Finished and out of the smoker. Wrapped it in foil and rolled it up in a big blanket. Didn't have a cooler available so just put it on the counter.

http://s10.photobucket.com/albums/a142/dmsjas/?action=view&current=IMG_0069.jpg

Sliced and ready to go. Came out a little short of medium and real juicy.

http://s10.photobucket.com/albums/a142/dmsjas/?action=view&current=IMG_0072.jpg

Next time I am only going to use marinade for over night. Meat seemed a little soft.
I will also cook it a a higher temp, maybe 250.
Friends that came for dinner are not big lamb fans but said I could make that for them anytime so I guess it wasn't too bad.

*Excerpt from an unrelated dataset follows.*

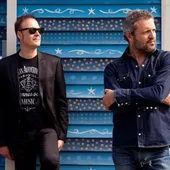 El grupo M Clan en acústico en Huelva El grupo M Clan en acústico en Huelva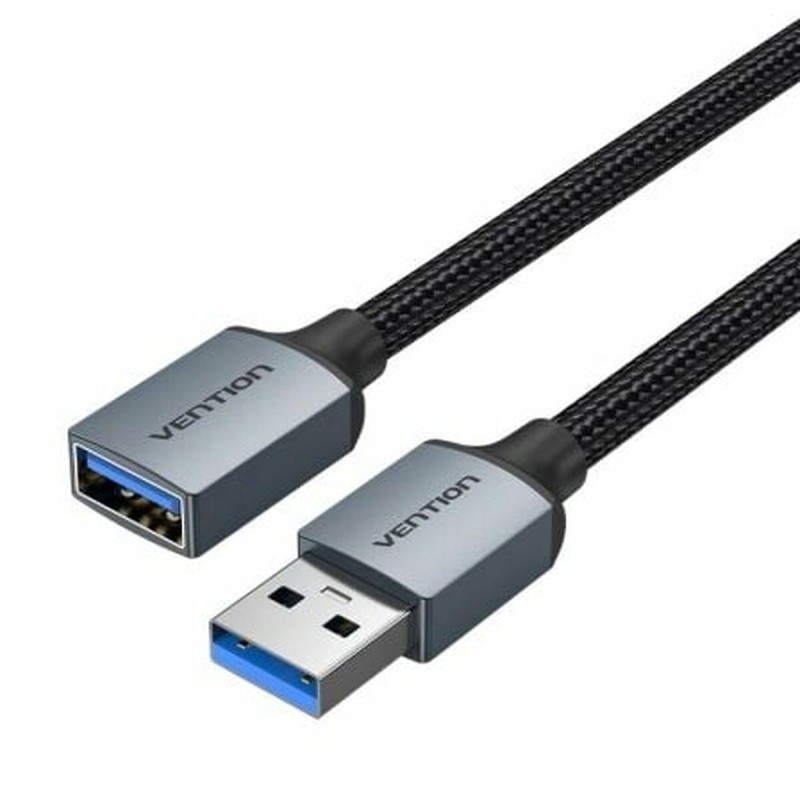 Câble USB-C Vention CBLHI Noir 3 m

Well thanks for looking and any suggestions would be appreciated.


----------



## rdknb (Mar 25, 2010)

Well to me if the people eating it liked it then it was a job well done, so well done


----------



## smokin relaxin steve (Mar 25, 2010)

looks good to me... i have only done lamb on the rotisserie though... want to try it smoked sometime this summer...


----------



## roller (Mar 25, 2010)

I am not a big lamb eater, but that looks real good...


----------



## rbranstner (Mar 25, 2010)

I love lamb on my smoker!!!! Good job.


----------



## northern greenhorn (Mar 25, 2010)

Looks great, if they really don't like lamb, and said they'd eat it again, then you did something right


----------



## acemakr (Mar 25, 2010)

What NG said.....


----------



## chuckrinwv (Mar 25, 2010)

looks really good to me.  I haven't tried cooking lamb, can't say I have ate a lot of it.  but for some reason, I am thinking this weekend, I will be smoking some.  I see several recipes for marinates but no one mentions what flavor smoke.   

Any suggestions would be apreciated.   

Thanks in advance


----------



## dave from mesa (Mar 25, 2010)

I used Apple. 
Forgot to put that in my original post.


----------



## fire it up (Mar 25, 2010)

Looks good from here.
Thinking about picking up a leg, they are going on sale for $1.99lb tomorrow.


----------